Attualità
Jair Bolsonaro tra Jânio Quadros e Carlos Lacerda: l’anacronismo come cifra politica
Francesco Guerra 04/01/2019
Il viaggio nell’anacronismo di questa presidenza è appena all’inizio se l’uomo medio brasiliano, bianco, mediamente benestante, profondamente razzista e maschilista, può finalmente specchiarsi in un Presidente che non è migliore di lui, ma come lui
Nella giornata del primo di gennaio Jair Bolsonaro è ufficialmente diventato il trentottesimo Presidente del Brasile. Un insediamento connotato da misure di sicurezza al limite del paranoico e che ben poco hanno a che fare con uno Stato democratico, ma, tutto al contrario, fanno ripiombare il Brasile nei bui ricordi di quella dittatura militare da sempre esaltata dal nuovo presidente. Un insediamento, che, sotto il profilo della più recente continuità storica interna alla storia brasiliana, può essere considerato come il capitolo conclusivo di un golpe bianco cominciato con la “caccia al petista” della operazione Lava Jato nel 2014, ad opera dell’ex-giudice e attuale Ministro della Giustizia Sérgio Moro, passato per il decisivo e surreale impeachment dell’ex-presidente (anch’essa appartenente al Partido dos Trabalhadores) Dilma Rousseff, per l’altrettanta surreale condanna dell’ex-presidente (e futuro candidato alla presidenza per lo stesso Partido dos Trabalhadores) Lula e culminato, non senza l’indiretta responsabilità delle varie anime della sinistra brasiliana (in particolare il PT di Lula e il Partido Democrático Trabalhista di Ciro Gomes), nell’elezione a presidente di Jair Bolsonaro.
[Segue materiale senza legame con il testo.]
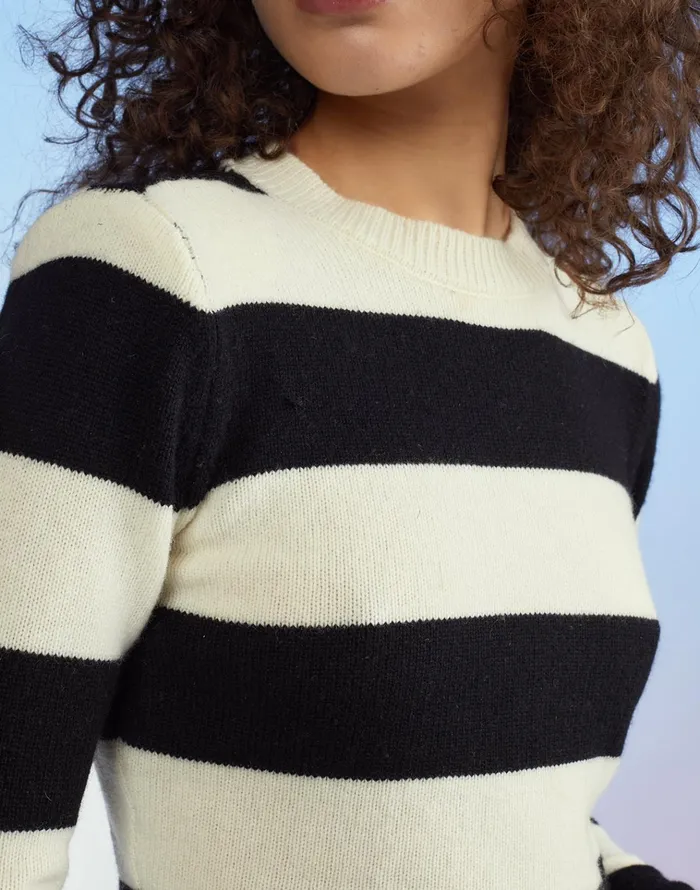 Kendal Cropped Sweater 8211 Blkwt Women Cynthia Rowley Tops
Jair Bolsonaro tra Jânio Quadros e Carlos Lacerda: l’anacronismo come cifra politica
Un quadro complesso, dunque, quello entro il quale collocare la figura del nuovo presidente, il quale, ampliando il compasso della continuità storica, sempre interna alla storia brasiliana, può essere considerato uno strano incrocio tra la sprovvedutezza mista a ipocrisia di un Jânio Quadros e l’ottusa cattiveria politica di un Carlos Lacerda. Il primo fu Presidente del Brasile dal 31 gennaio 1961 al 25 di agosto dello stesso anno e, come Bolsonaro, aveva costruito il proprio programma politico sulla lotta alla corruzione (“varre, varre, varre, varre vassourinha”, recitava un suo famoso slogan), salvo poi scoprirsi, dopo la sua morte, che aveva lasciato ai suoi eredi sessantasei immobili e venti milioni depositati in un conto segreto in Svizzera, secondo quanto scoperto dalla Polizia Federale nel corso dell’operazione Castello di sabbia. Insomma, la lotta alla corruzione come specchietto per le allodole al fine di farsi eleggere, nelle varie tornate elettorali, sino a raggiungere la presidenza; del tutto simile, in questo, alla strategia portata avanti in questi mesi da Bolsonaro. Carlos Lacerda, giornalista e politico da sempre vicino agli ambienti più conservatori e retrogradi della società brasiliana, fu tra coloro che, a partire dall’ultimo governo Vargas (31 gennaio 1951-24 agosto 1954, data del suo suicidio), contribuì attivamente a creare le basi, sociali e politiche, per la futura soluzione militare, nel 1964, salvo poi essere lui stesso cassato, in termini politici, una volta che i militari giunsero al potere. Proprio un personaggio, a tratti realmente miserabile, come Lacerda aiuta a comprendere come la storia brasiliana segua sempre, al netto delle necessarie sfumature imposte dalle contingenze storiche, sempre lo stesso registro: notizie false riguardanti la corruzione di un politico scomodo, creazione di Commissioni di inchiesta volte a creare le condizioni pratiche per il mar de lama che dovrà travolgere il Presidente o il politico di turno, tentativi di impeachment reiterati al fine di allontanare un Presidente democraticamente eletto dal proprio incarico e un sistema dell’informazione da sempre prono agli interessi di élites, prima di tutto giudiziarie ed economiche, aventi di mira la sudditanza del Brasile a interessi esterni e il conseguente mantenimento di condizioni sociali degne di un Paese del terzo o del quarto mondo.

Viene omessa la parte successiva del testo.